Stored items
+ + + +

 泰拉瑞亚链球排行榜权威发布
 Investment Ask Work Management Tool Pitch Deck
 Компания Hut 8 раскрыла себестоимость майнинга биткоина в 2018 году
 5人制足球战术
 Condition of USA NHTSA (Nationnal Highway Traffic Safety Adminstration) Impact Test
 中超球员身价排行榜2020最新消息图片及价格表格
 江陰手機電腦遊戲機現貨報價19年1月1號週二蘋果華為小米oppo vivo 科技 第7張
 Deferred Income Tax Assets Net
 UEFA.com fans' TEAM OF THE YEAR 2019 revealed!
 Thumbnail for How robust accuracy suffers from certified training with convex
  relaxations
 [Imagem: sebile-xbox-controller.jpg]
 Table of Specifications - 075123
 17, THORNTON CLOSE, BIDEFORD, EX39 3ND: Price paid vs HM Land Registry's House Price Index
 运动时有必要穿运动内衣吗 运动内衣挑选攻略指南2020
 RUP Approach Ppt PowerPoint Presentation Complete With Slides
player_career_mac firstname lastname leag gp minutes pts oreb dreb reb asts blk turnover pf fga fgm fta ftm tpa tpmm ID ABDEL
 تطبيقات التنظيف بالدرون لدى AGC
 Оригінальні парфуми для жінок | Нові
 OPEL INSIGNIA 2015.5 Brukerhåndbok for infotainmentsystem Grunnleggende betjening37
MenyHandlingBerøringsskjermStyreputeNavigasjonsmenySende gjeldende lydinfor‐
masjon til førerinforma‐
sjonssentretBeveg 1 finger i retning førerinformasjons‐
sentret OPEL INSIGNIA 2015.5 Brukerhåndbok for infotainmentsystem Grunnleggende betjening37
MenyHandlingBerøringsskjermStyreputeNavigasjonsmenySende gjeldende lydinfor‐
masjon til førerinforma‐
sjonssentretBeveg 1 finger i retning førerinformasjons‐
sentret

+ + + +

■ **Work order**: Return all of the entries exactly as written.

■ **Response**:
 泰拉瑞亚链球排行榜权威发布
 Investment Ask Work Management Tool Pitch Deck
 Компания Hut 8 раскрыла себестоимость майнинга биткоина в 2018 году
 5人制足球战术
 Condition of USA NHTSA (Nationnal Highway Traffic Safety Adminstration) Impact Test
 中超球员身价排行榜2020最新消息图片及价格表格
 江陰手機電腦遊戲機現貨報價19年1月1號週二蘋果華為小米oppo vivo 科技 第7張
 Deferred Income Tax Assets Net
 UEFA.com fans' TEAM OF THE YEAR 2019 revealed!
 Thumbnail for How robust accuracy suffers from certified training with convex
  relaxations
 [Imagem: sebile-xbox-controller.jpg]
 Table of Specifications - 075123
 17, THORNTON CLOSE, BIDEFORD, EX39 3ND: Price paid vs HM Land Registry's House Price Index
 运动时有必要穿运动内衣吗 运动内衣挑选攻略指南2020
 RUP Approach Ppt PowerPoint Presentation Complete With Slides
player_career_mac firstname lastname leag gp minutes pts oreb dreb reb asts blk turnover pf fga fgm fta ftm tpa tpmm ID ABDEL
 تطبيقات التنظيف بالدرون لدى AGC
 Оригінальні парфуми для жінок | Нові
 OPEL INSIGNIA 2015.5 Brukerhåndbok for infotainmentsystem Grunnleggende betjening37
MenyHandlingBerøringsskjermStyreputeNavigasjonsmenySende gjeldende lydinfor‐
masjon til førerinforma‐
sjonssentretBeveg 1 finger i retning førerinformasjons‐
sentret OPEL INSIGNIA 2015.5 Brukerhåndbok for infotainmentsystem Grunnleggende betjening37
MenyHandlingBerøringsskjermStyreputeNavigasjonsmenySende gjeldende lydinfor‐
masjon til førerinforma‐
sjonssentretBeveg 1 finger i retning førerinformasjons‐
sentret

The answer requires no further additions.